Segment Start: MATERIAL FOR THE TASK

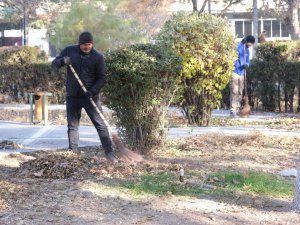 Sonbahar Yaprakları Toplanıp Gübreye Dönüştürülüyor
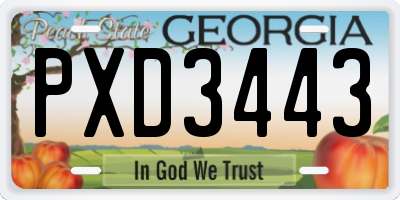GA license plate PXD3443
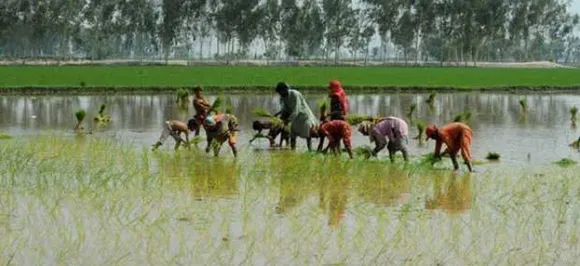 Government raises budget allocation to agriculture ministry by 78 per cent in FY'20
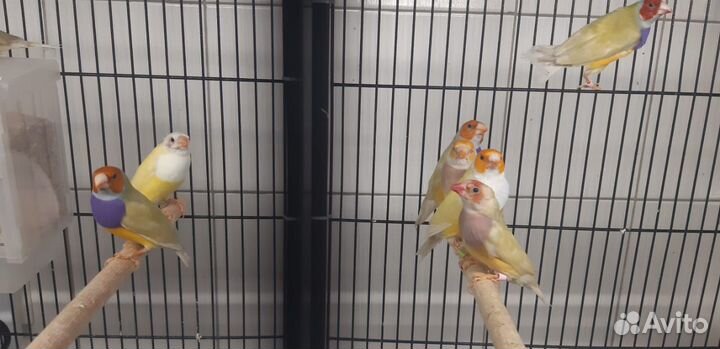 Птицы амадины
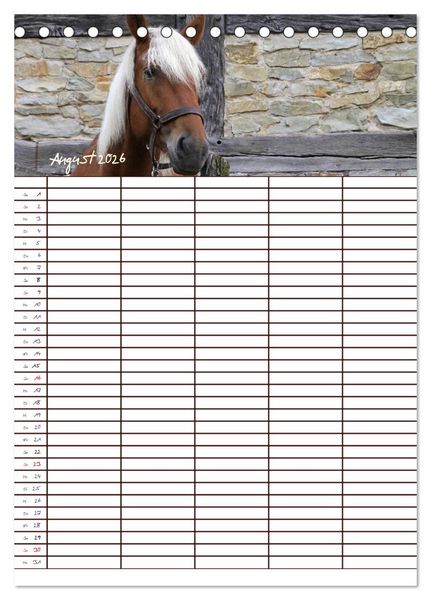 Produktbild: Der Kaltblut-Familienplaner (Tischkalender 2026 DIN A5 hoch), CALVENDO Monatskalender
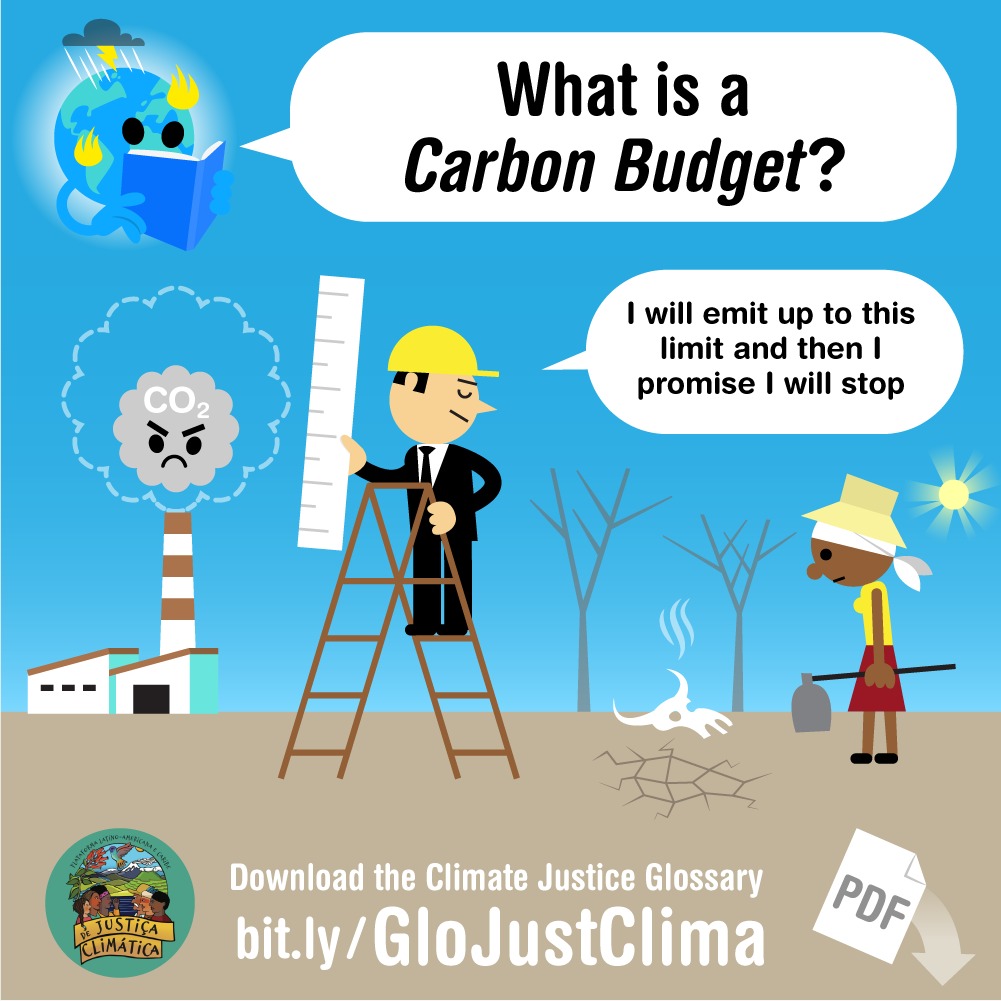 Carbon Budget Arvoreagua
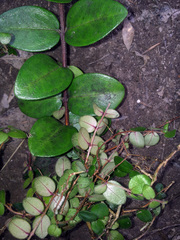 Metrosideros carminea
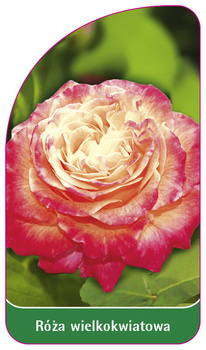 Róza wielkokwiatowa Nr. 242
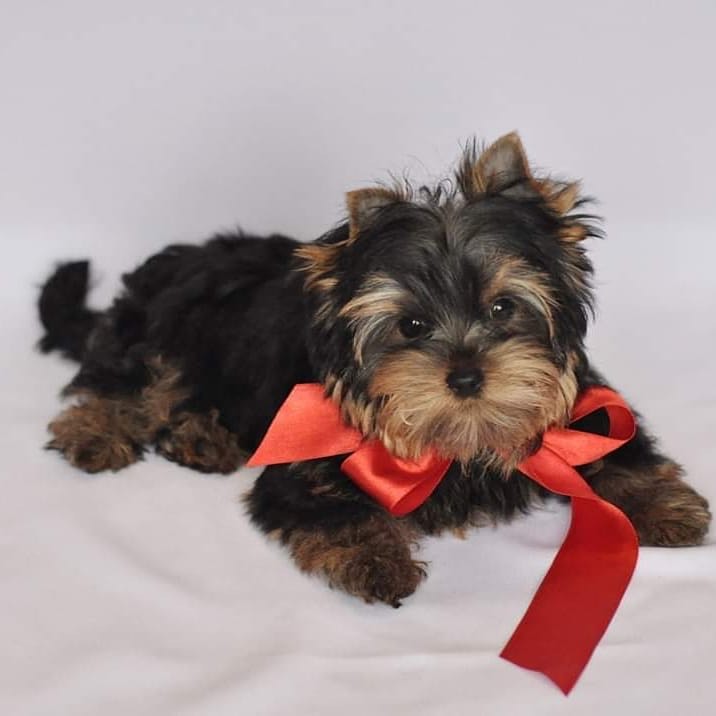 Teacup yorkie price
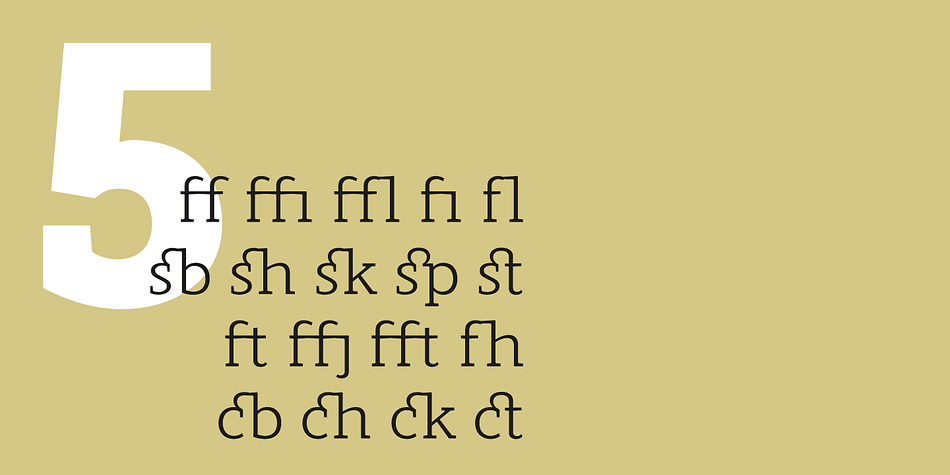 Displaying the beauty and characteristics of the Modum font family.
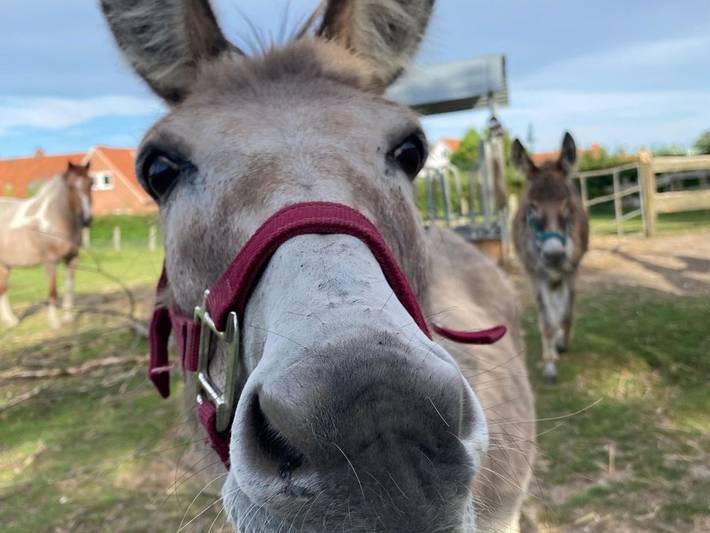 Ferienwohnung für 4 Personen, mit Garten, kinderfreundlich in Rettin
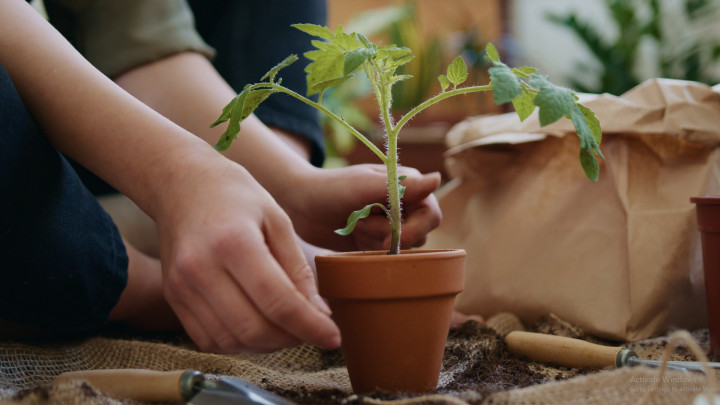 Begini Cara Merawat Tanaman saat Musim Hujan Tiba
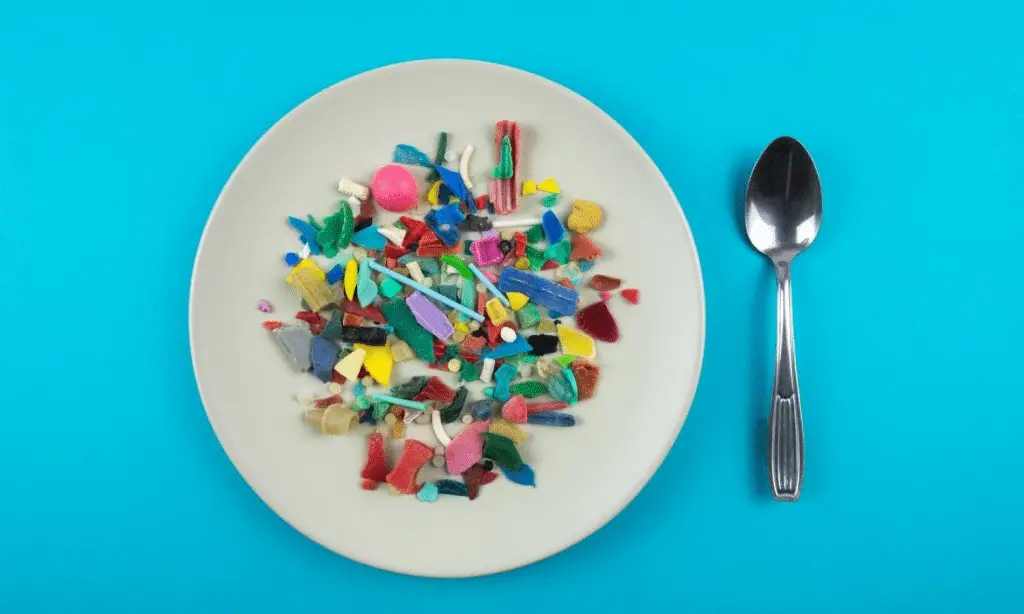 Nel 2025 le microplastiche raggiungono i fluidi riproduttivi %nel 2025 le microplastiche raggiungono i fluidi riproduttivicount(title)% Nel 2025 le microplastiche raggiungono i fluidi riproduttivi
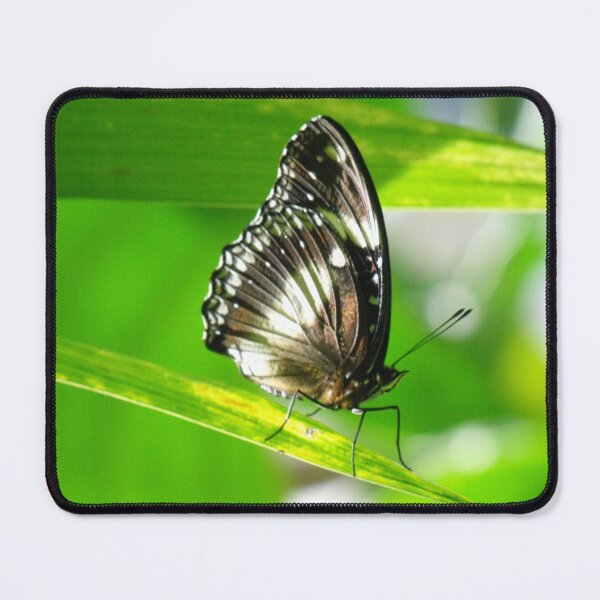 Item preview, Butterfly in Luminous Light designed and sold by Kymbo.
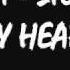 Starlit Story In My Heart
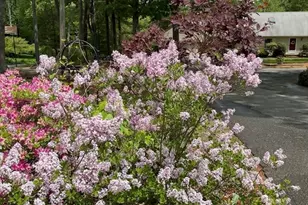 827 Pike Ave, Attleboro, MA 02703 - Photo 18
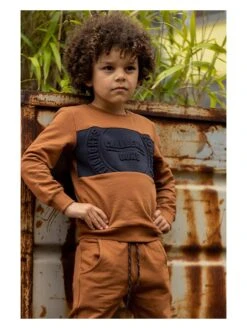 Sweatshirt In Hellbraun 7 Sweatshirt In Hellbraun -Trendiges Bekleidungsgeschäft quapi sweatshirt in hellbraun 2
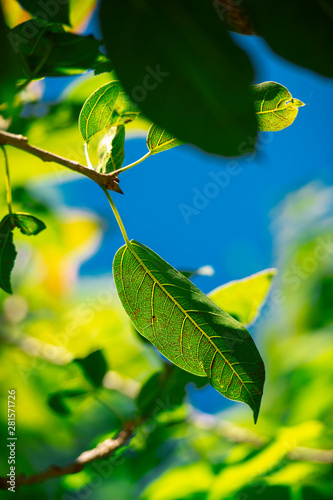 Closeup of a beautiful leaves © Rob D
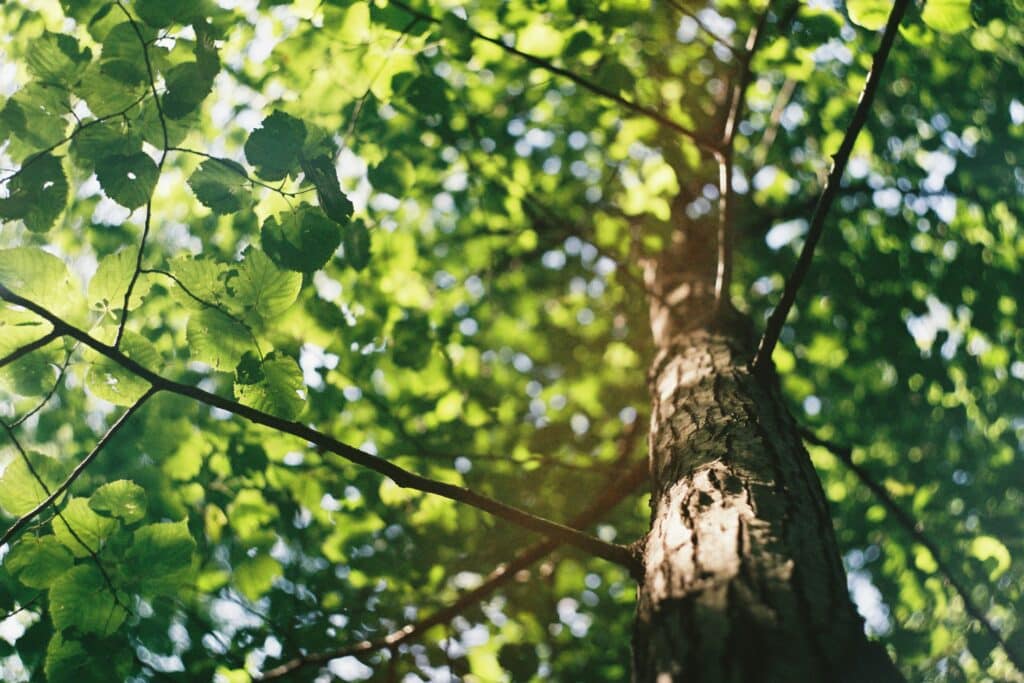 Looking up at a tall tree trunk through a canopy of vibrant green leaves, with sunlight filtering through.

Segment End: MATERIAL FOR THE TASK

TASK TO COMPLETE →
For this task, give again exactly the lines from the line with "Produktbild: Der Kaltblut-Familienplaner" through the end of the entries, including both ends, and omit the pictures.

FINISHED TASK →
 Produktbild: Der Kaltblut-Familienplaner (Tischkalender 2026 DIN A5 hoch), CALVENDO Monatskalender
 Carbon Budget Arvoreagua
 Metrosideros carminea
 Róza wielkokwiatowa Nr. 242
 Teacup yorkie price
 Displaying the beauty and characteristics of the Modum font family.
 Ferienwohnung für 4 Personen, mit Garten, kinderfreundlich in Rettin
 Begini Cara Merawat Tanaman saat Musim Hujan Tiba
 Nel 2025 le microplastiche raggiungono i fluidi riproduttivi %nel 2025 le microplastiche raggiungono i fluidi riproduttivicount(title)% Nel 2025 le microplastiche raggiungono i fluidi riproduttivi
 Item preview, Butterfly in Luminous Light designed and sold by Kymbo.
 Starlit Story In My Heart
 827 Pike Ave, Attleboro, MA 02703 - Photo 18
 Sweatshirt In Hellbraun 7 Sweatshirt In Hellbraun -Trendiges Bekleidungsgeschäft quapi sweatshirt in hellbraun 2
 Closeup of a beautiful leaves © Rob D
 Looking up at a tall tree trunk through a canopy of vibrant green leaves, with sunlight filtering through.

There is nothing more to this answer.